Originally posted on Forbes.com
As many say costs for software developers have soared across the U.S. and Western Europe, outsourcing to arbitrage labor costs has not just become popular but also increasingly necessary.
To build two SaaS companies in the Bay Area, I’ve leveraged offshore development teams to a degree of success. I also had a chance to be a marketing consultant for a leading online marketplace for developers and am the CEO of an outsourcing company, so I’ve become intimately familiar with this industry over my career.
There are many talented, ethical agencies and developers across the world; however, just like in any market, extensive due diligence by the client is a must. Before hiring outsourcers to build your app or hiring recruiters to source offshore labor, here are three insider observations you might consider:
1. Outsourcers, outstaffers and recruiters commonly portray interns as juniors, juniors as mid-levels and mid-levels as seniors. Because this practice has become so widespread, I’ve found there is market pressure on many good vendors to sell their staff this way. So clients should manage their projects intensely on a daily basis to ensure consistency and quality.
2. Failure rates for apps built by outsourcers can be incredibly high. While there is no published data yet, I’ve seen very few examples of outsourcers who have built and launched a commercially successful product on behalf of a client as a turnkey service.
3. I’ve seen some recruiters start to offer research and development (R&D) center services to clients to compete with outsourcers. This new trend of not only sourcing the developers but operating the office and administrative functions on behalf of the client have additional fees. Over time, this could reduce labor costs for the clients, but clients need to make a bigger upfront commitment.
Given the state of the current market, I suggest implementing these best practices before engaging any outsourcing, outstaffing or recruiter firm:
1. For outsourcers building the entire turnkey app for you, ask for the references of at least two software applications they have launched successfully. Code is only one part of what makes a software application successful, so if the response is “we have none” but you still like the firm, you can engage your product or project manager to manage the outsourced staff directly.
Also, ask the references how the outsourcer accommodated change requests. Your app’s scope or project is likely to change multiple times. You want a partner who is adaptive, but being adaptive in IT can be as much about the outsourcer’s culture as it is about their process.
2. If you’re looking to outstaff to add to your existing product and team through recruiters or R&D centers, you may want to intensely focus on the interview questions and test tasks assigned to the candidates. For example, when I ask a candidate, “Why do you want to work for us?” and the answer is something akin to “for more money” and not “I want to work for a ‘product’ company,” that developer never lasts with us for more than a year.
I’ve also learned to ask what local conferences or Meetups the candidates belong to. Voluntary self-education is one of the leading indicators I’ve seen in how much value a developer will bring to our projects over the long run.

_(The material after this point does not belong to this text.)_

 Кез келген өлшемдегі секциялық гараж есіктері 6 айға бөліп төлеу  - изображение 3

But by far, the “marquee” question I ask every developer is, “Have you contributed to any open-source projects?” While not every top developer contributes to open-source projects, I’ve noticed that many open-source contributors are top developers.
It may be harder to find developers who contribute to open-source projects in emerging economies, according to a GitHub open-source contribution map, but we’ve found this is the single biggest determinant (other than cultural fit) of whether a developer will produce at an elite level.

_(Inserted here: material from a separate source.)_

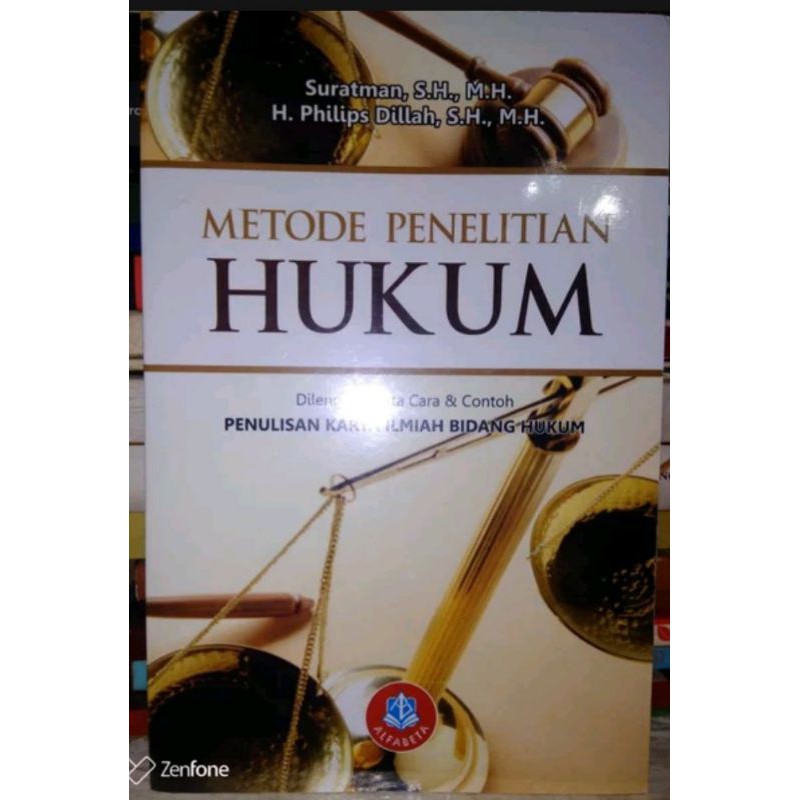 Metode Penelitian Hukum Suratman H Phillips Dillah Original Shopee Indonesia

3. Go through a trial period without firm commitments, and if the developers are to your liking, prepare to offer a term commitment of a year or more to the vendor. In my experience, outsourcers and outstaffers often have their developers sitting “on the bench” some of the time, so term commitments mean they don’t have to suffer a margin loss — and you could negotiate some of this savings in reduced fees.
As a negotiating tactic, you can also offer to prepay their wages quarterly or every six months.
4. Look for providers that focus on both a vertical and a software language. I believe the vendors that are efficient with your time and money are so because they focus on a specific vertical — like fintech or mobile games — and have expertise in one or two languages.
I recommend avoiding shops that claim to be experts in “Java, Python, C++, and AI/ML” and that spam you with faces of attractive females representing their agency’s expertise. These are often bottom-of-the-barrel operators. I’ve found that most of the good shops specialize in a vertical and specialize in a language, and they have plenty of work from referrals — so they don’t need to spam anyone.
5. Negotiate the monthly wages and the buyout fee if you decide to make the developers a part of your permanent team. Outsourcers and outstaffers need to charge more than what they pay the developers to make reasonable net margins.
Sales costs, office space, recruiting and bench-time contribute to overhead. In my experience, average buyout fees range from one month of wages to one year, so negotiate — as the market prices range drastically.
As Bloomberg suggests, the demand for talented and experienced tech talent in the U.S. continues to rise, and the BLS reports that unemployment for the professional, scientific, and technical services sector was at just 2.5% in December 2018 — so sourcing labor from other countries may become a necessity, even for Series B- and C-funded startups. Understanding nuances of the regions where you hire and following some best practices should save you a lot of time and money — and maybe some midnight migraines as well.